Topic Segmentation and Term Disambiguation for NAV
As part of the services provided to the public by the Norwegian Labour and Welfare Administration (NAV) there is a need to extract structured information from job advertisements that are posted in free-text form. Currently, NAV applies manual, human coding to categorize job advertisements according to the type of position and the employer. This is a costly and error-prone process, and leaves much to be desired in terms of the range of desirable structured information about an available position, as for example specific requirements on the training, competencies, and expertise of candidate employees.
Since around 2002, NAV has curated a database of some 2.5 million textual job advertisements that have been manually categorized. As part of an ongoing internal project on developing a new platform to ‘match’ available positions and job-seekers, the internal Artificial Intelligence Laboratory at NAV seeks to facilate an MSc project on pre-processing of job advertisements to better support manual categorization and, if possible, enable partial or full automation of the process of extracting relevant information from these documents. Abstractly, this part of the project could be approached as an instance of topic segmentation and topic modeling.

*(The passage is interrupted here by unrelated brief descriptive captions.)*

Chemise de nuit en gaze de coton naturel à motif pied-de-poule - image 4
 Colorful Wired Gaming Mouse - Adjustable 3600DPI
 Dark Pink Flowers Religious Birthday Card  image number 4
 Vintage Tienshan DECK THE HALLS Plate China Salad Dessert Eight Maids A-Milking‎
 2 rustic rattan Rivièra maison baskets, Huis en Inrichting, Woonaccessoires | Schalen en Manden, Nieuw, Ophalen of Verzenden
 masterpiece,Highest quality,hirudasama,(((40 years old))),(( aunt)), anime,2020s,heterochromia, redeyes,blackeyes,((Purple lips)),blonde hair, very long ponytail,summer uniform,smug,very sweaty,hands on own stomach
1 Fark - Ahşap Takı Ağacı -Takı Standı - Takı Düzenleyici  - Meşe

Additionally, NAV has available a very large ontology of employment- and job-seeker–related concepts, for example degrees in various subject areas. A subsidiary goal of this MSc project could be to identify textual units in the job advertisement that likely name one of the relevant concepts: a phrase like Bachelor degee in Language Technology, for example, if used as a requirement on applicants in the job advertisement will likely correspond to several ontology nodes, viz. for a specific level of higher-education degree and for a specific area of scientific specialization. There will typically be a potentially large number of different natural language expressions to name the same concept, and not all occurrences of these expressions will necessarily form a relevant unit. This sub-project, time-permitting, could be viewed as calling for the combination of general techniques like part-of-speech tagging, named entity recognition, and chunking, as well as adaptation of methods for so-called term disambiguation and grounding (in a domain specific knowledge base).
The project will be practical and experimental in nature, although some theoretical modeling will likely also be called for in, for example, deciding on the topic structure of job advertisements and the type of the units involved. Good programming expertise and at least basic knowledge of natural language processing are a prerequisite for this project, for example of the level of INF4820: Algorithms for Artificial Intelligence and Natural Language Processing.